Silas Mutua Mberia v Muthoni Njue Veronica [2021] KEHC 4538 (KLR) | Material Damage | Esheria

Silas Mutua Mberia v Muthoni Njue Veronica [2021] KEHC 4538 (KLR)

Full Case Text

REPUBLIC OF KENYA

IN THE HIGH COURT OF KENYA AT MERU

CIVIL APPEAL NO. E005 OF 2021

SILAS MUTUA MBERIA..............................................................APPELLANT

VERSUS

MUTHONI NJUE VERONICA...................................................RESPONDENT

(Being an appeal from the Judgment of the Hon. M.C Nyigei (SRM) delivered on 15/12/2020 in Maua CMCC No. 139 of 2018)

JUDGMENT

1. The appellant sued the respondent in the trial court by an amended Plaint dated 25/10/2018 in which, he sought general damages for pains, suffering and loss of amenities; special damages of Kshs 34,205 special damages and a sum of Kshs 325,960 being the amount of money required to repair Motor Vehicle Reg. No. KAH 801J and return it to its pre-accident condition; costs of the suit plus interest.

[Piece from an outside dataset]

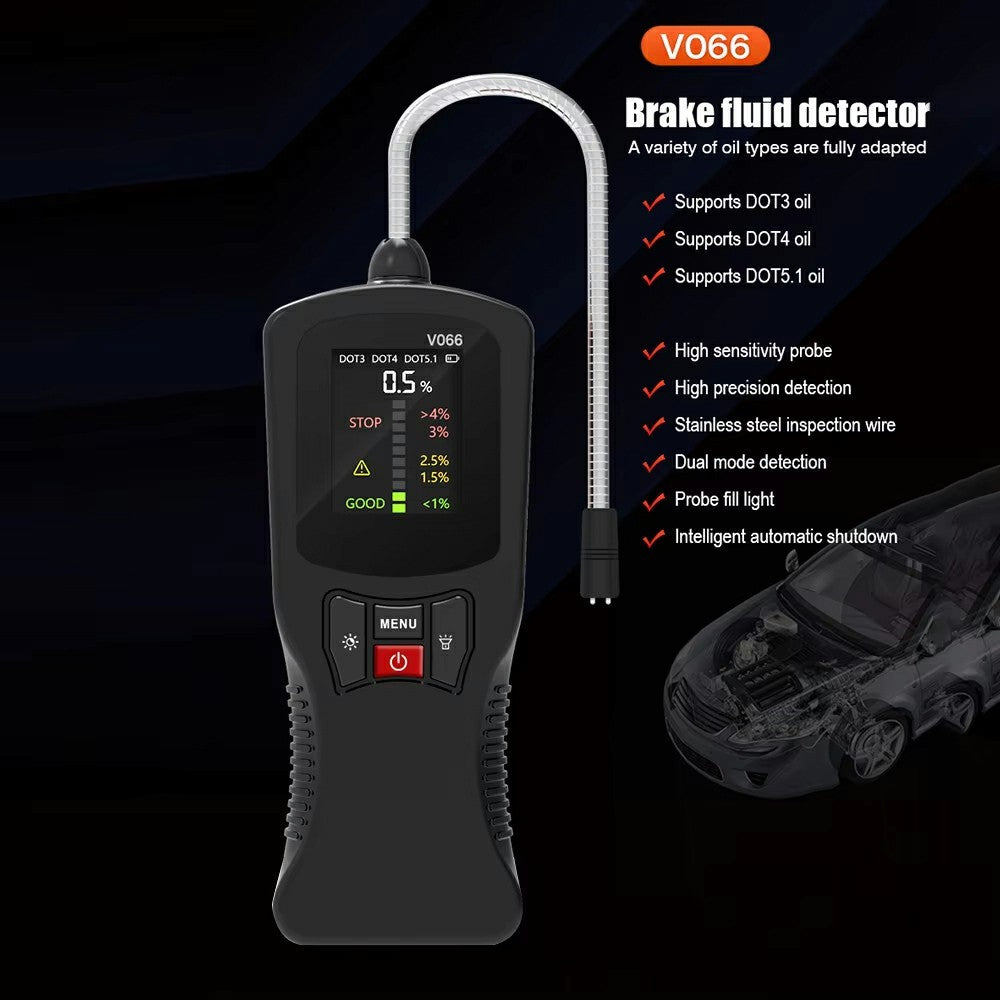 V066 Brake Fluid Tester for Car Diagnostics Water Content Measurement DOT3 DOT4 DOT5.1 Compatible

2. The appellant’s case in summary was that, the respondent negligently controlled her motor vehicle Registration number KBJ 097H on the 11/03/2018 that it collided with the plaintiff’s motor vehicle thereby occasioning the plaintiff serious bodily injuries and to his motor vehicle extensive damage. The personal injury was disclosed in the medical report and evidence of PW5, James Kivumba, while the damage to the motor vehicle was disclosed in the assessment report was duly prepared and produced by PW4, Vincent Muriuki Muthiga.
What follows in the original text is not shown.